Experten-Test Renault T 480: Mehrfach nachgelegt
Die Renault T-Baureihe hat in ihrer noch jungen, gerade mal rund fünf Jahre währenden Geschichte bereits einige Überarbeitungen erfahren. Wichtige Eckpfeiler bilden Common-Rail- statt Pumpe-Düse-Motoren und ein vorausschauender Tempomat. Den aktuellen Stand der Dinge präsentiert Renault in Form eines T 480 High Sleeper. Dabei steht die 480 für die mittlere von drei Varianten des 12,8-Liter-Motors DTI 13, die Alternativen lauten 440 und 520 PS.
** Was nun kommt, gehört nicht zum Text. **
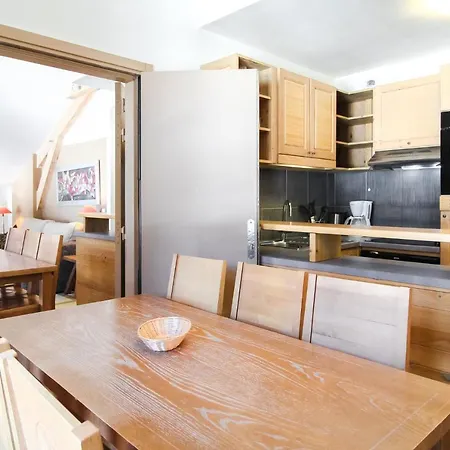Two Internally Connecting 2-bed With Shared Private Entrance Appartamento *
Gegenüber der tiefer montierter Sleeper Cab weist der High Sleeper vier statt drei Einstiegsstufe auf, dafür aber auch einen topfebenen Kabinenboden. Geboten sind damit über zwei Meter Stehhöhe und zwei grundsätzliche Ausstattungslinien: Die Alleinfahrer-Version Maxispace mit großem Klapptisch und Schrankmodul an der Rückwand, oder, wie im Testwagen, die eher konventionelle Variante mit zwei Liegen. So oder so sind Verarbeitung und Ausstattung gelungen, unter anderem mit großem Kühlschrank, dimmbarer LED-Innenbeleuchtung, Kabelfernbedienung am Bett und Vorhängen mit isolierender Beschichtung. Optional gibt es noch einen drehbaren Beifahrersitz dazu.
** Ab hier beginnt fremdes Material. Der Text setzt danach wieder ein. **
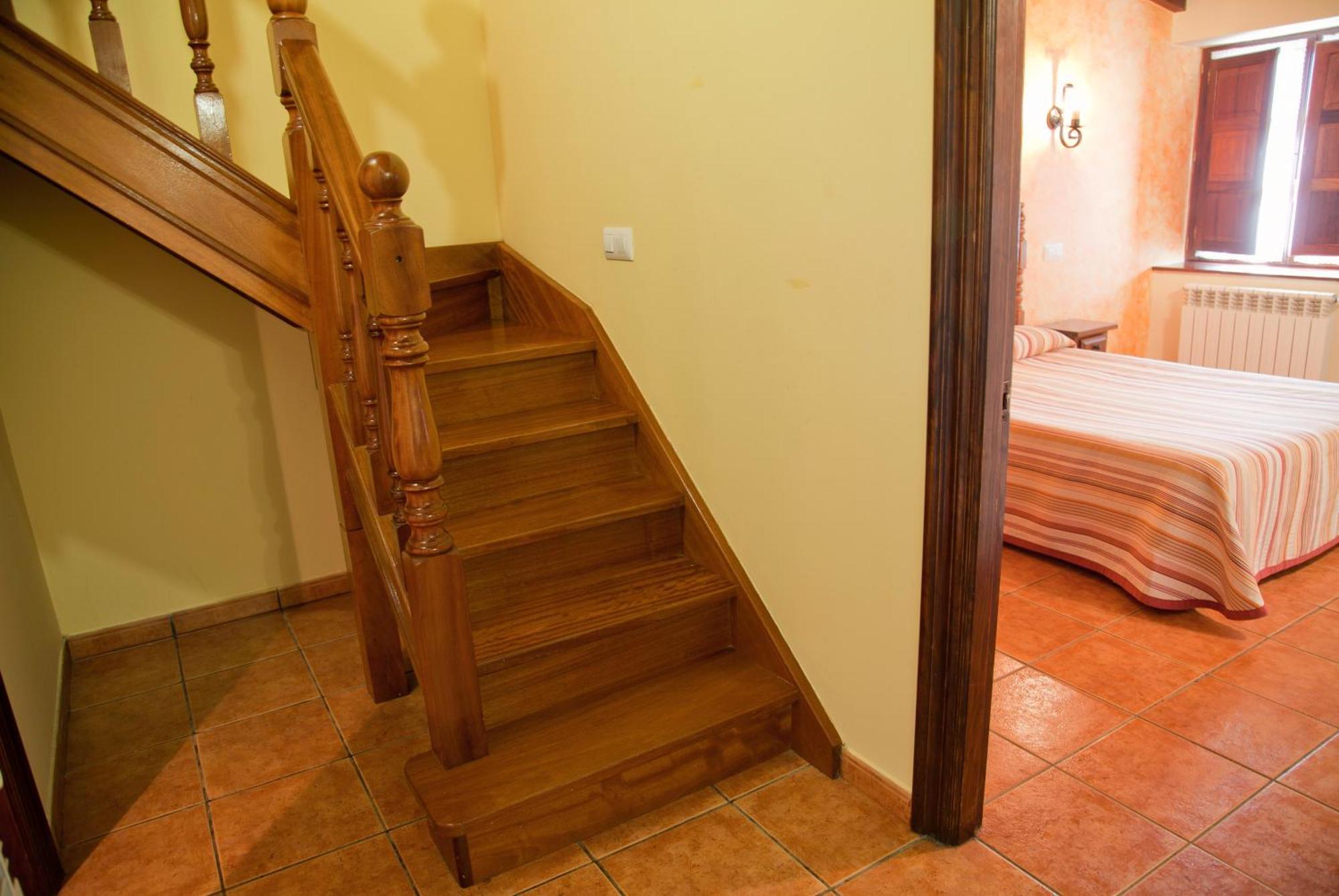 Apartamentos La Roblera Orena Exteriör bild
Typisch Renault ist am Arbeitsplatz so manches eigenwillig gelöst, aber nach kurzer Gewöhnung keineswegs unangenehm. So zum Beispiel die rein digitale Geschwindigkeitsanzeige oder der von der Lenkradschaltung losgelöste Motorbremshebel. Jener lässt sich lässig mit einem Finger bedienen, ohne versehentlich ins Schaltgeschehen einzugreifen. Die Reihenfolge am dreistufigen Hebel (ohne Retarder): Halbe/volle Bremsleistung und Runterschalten. Auch die Tempomateinstellung mit zwei Tasten unterm Lenkrad erschließt sich nicht sofort, geht aber ebenso schnell in Fleisch und Blut über wie die praktische Speicherung zweier Geschwindigkeiten auf den linken Lenkradtasten „S1“ und „S2“, zum Beispiel für Autobahn und Landstraße.
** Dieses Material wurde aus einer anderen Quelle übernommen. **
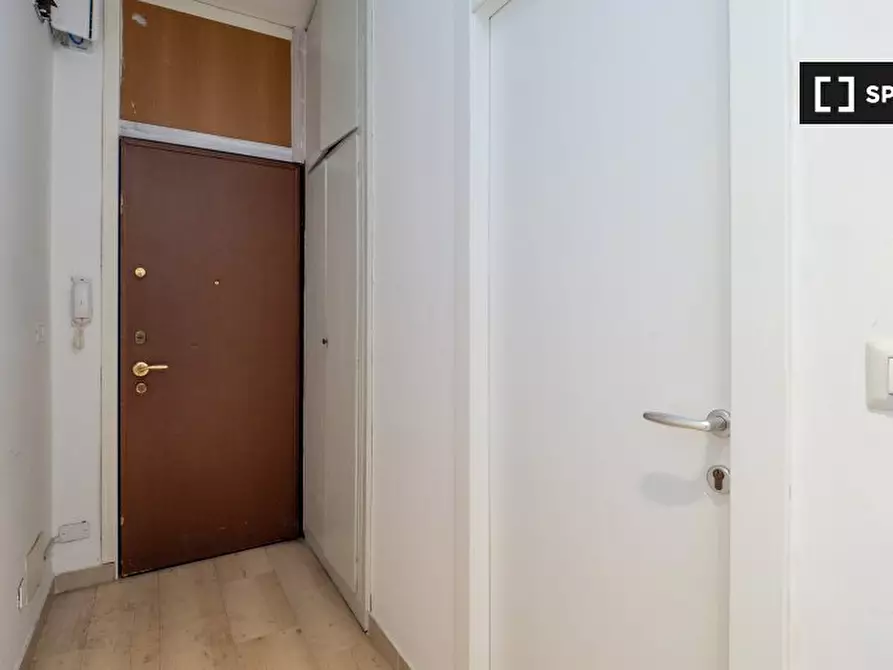 Immagine 13 di Camera condivisa in affitto  in Via Fratelli Rosselli a Milano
Speziell nach schräg rechts ist die Sicht an A-Säule und Spiegel vorbei ziemlich beschränkt und vorn engt das relativ hoch gezogene Armaturenbrett das Blickfeld im Nahbereich ein. Aber, was viele Fahrer im Gegenzug schätzen dürften: Obendrauf gibt es ganz klassisch noch eine große offene Ablage. Clevere Details finden sich auch in Form versetzbarer Schaltereinheiten, kleinen Blende zur A-Säule hin, um die Lücke zum elektrischen Sonnenrolle zu schließen, einer elektrischen Parkbremse oder eines durch die Klimaanlage mitgekühlten Handschuhfachs. Sitz- und Lenkradverstellung dürften aber gerne etwas größer sein. Die doppelte Lenksäulenverstellung sieht der Volvo-Konzernbaukasten jedoch nur für die „Hausmarke“ vor, ebenso eine vollintegrierte Standklimaanlage. Am getesteten T High Sleeper ist daher eine Splitanlage von Waeco installiert, mit Verdampfer auf der Dachluke und Kompressor an der Kabinenrückwand.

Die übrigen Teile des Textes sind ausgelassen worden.